Initialize Training client using provided user credentials.

In [None]:
from kubeflow.training import TrainingClient

client = TrainingClient(client_configuration=configuration)

### Create PyTorchJob

Submit PyTorchJob using Training Operator SDK client.

Training script is imported from `kfto-scripts` folder.

Training script loads and distributes training dataset among nodes, performs distributed training, evaluation using test dataset, exports the trained model to onnx format and uploads it to the S3 bucket specified in provided connection.
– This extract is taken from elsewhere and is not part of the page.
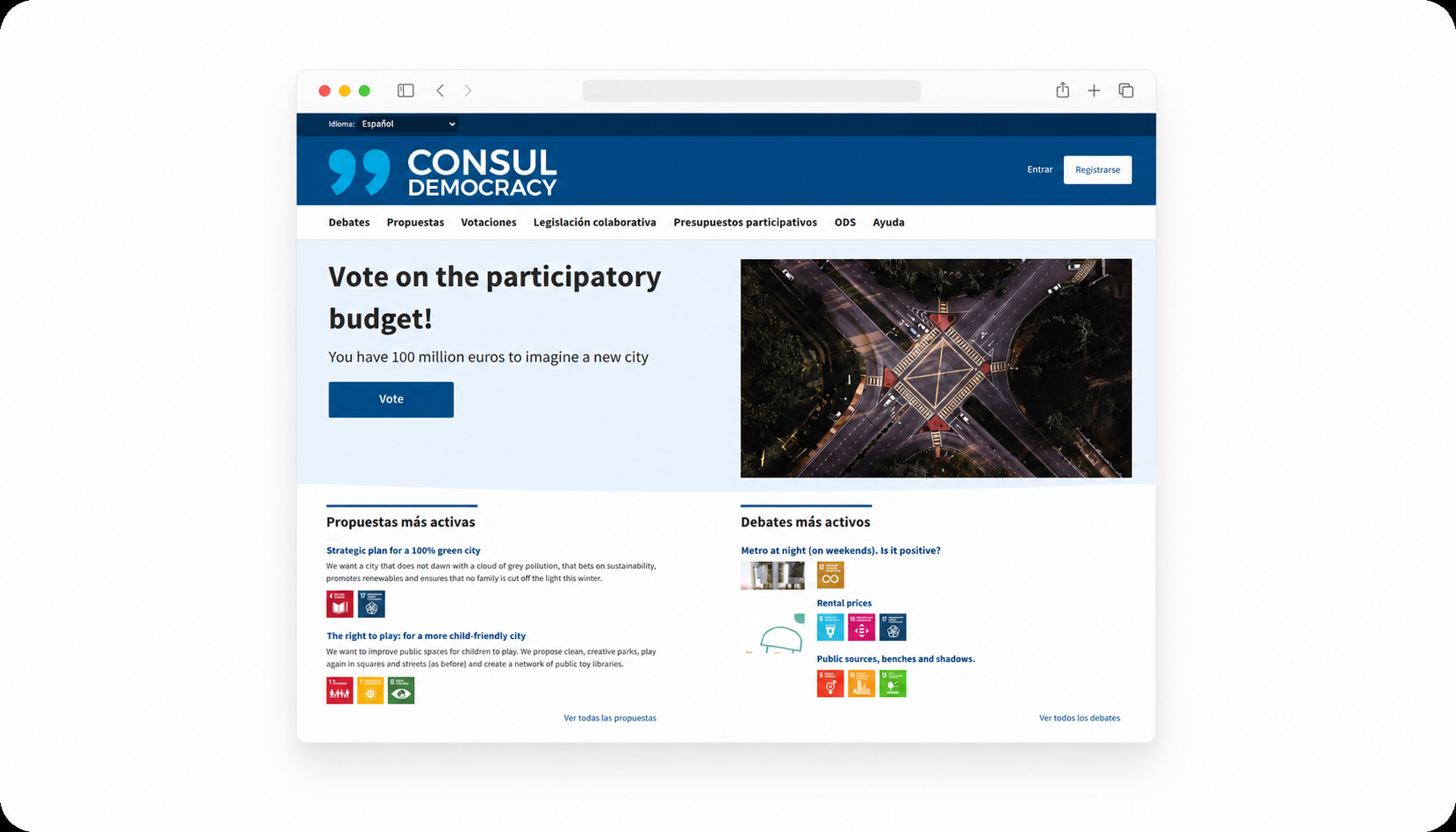 consul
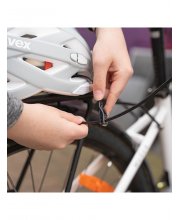 Hiplok Z Lok Security Tie at JTS Biker Clothing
Important note - If Kueue component is enabled in RHOAI then you must create all Kueue related resources (ResourceFlavor, ClusterQueue and LocalQueue) and provide LocalQueue name in the script below, also uncomment label declaration in create_job function.

In [None]:
import sys
import os
sys.path.append("./kfto-scripts")  # needed to make training function available in the notebook
from train_pytorch_cpu import train_func
from kubernetes.client import (
    V1EnvVar,
    V1EnvVarSource,
    V1SecretKeySelector
)

# Job name serves as unique identifier to retrieve job related informations using SDK
job_name = "fraud-detection"

# Specifies Kueue LocalQueue name.
# If Kueue component is enabled then you must create all Kueue related resources (ResourceFlavor, ClusterQueue and LocalQueue) and provide LocalQueue name here.
local_queue_name = "local-queue"

client.create_job(
    job_kind="PyTorchJob",
    name=job_name,
    train_func=train_func,
    num_workers=2,
    num_procs_per_worker="1",
    resources_per_worker={
        "memory": "4Gi",
        "cpu": 1,
    },
    base_image="quay.io/modh/training:py311-cuda124-torch251",
    # Uncomment the following line to add the queue-name label if Kueue component is enabled in RHOAI and all Kueue related resources are created. Replace `local_queue_name` with the name of your LocalQueue
#    labels={"kueue.x-k8s.io/queue-name": local_queue_name},
    env_vars=[
        V1EnvVar(name="AWS_ACCESS_KEY_ID", value=os.environ.get("AWS_ACCESS_KEY_ID")),
        V1EnvVar(name="AWS_S3_BUCKET", value=os.environ.get("AWS_S3_BUCKET")),
        V1EnvVar(name="AWS_S3_ENDPOINT", value=os.environ.get("AWS_S3_ENDPOINT")),
        V1EnvVar(name="AWS_SECRET_ACCESS_KEY", value=os.environ.get("AWS_SECRET_ACCESS_KEY")),
    ],
    packages_to_install=[
        "s3fs",
        "boto3",
        "scikit-learn",
        "onnx",
    ],
)

### Query important job information

In [None]:
import time


# Wait until the job finishes
print(f"PyTorchJob '{job_name}' is running.", end='')
while True:
    try:
        if client.is_job_running(name=job_name):
            print(".", end='')
        elif client.is_job_succeeded(name=job_name):
            print(".")
            print([x.message for x in client.get_job_conditions(name=job_name) if x.type == "Succeeded"][0])
            break
        elif client.is_job_failed(name=job_name):
            print(".")
            print([x.message for x in client.get_job_conditions(name=job_name) if x.type == "Failed"][0])
            break
        else:
            print(f"PyTorchJob '{job_name}' status not available or no conditions found.")
            break

    except Exception as e:
        print(f"Error getting PyTorchJob status: {e}.")

    time.sleep(3)

In [None]:
# Get the job logs
print(client.get_job_logs(name=job_name)[0]["fraud-detection-master-0"])

### Delete jobs

When finished you can delete the PyTorchJob.

In [None]:
client.delete_job(name=job_name)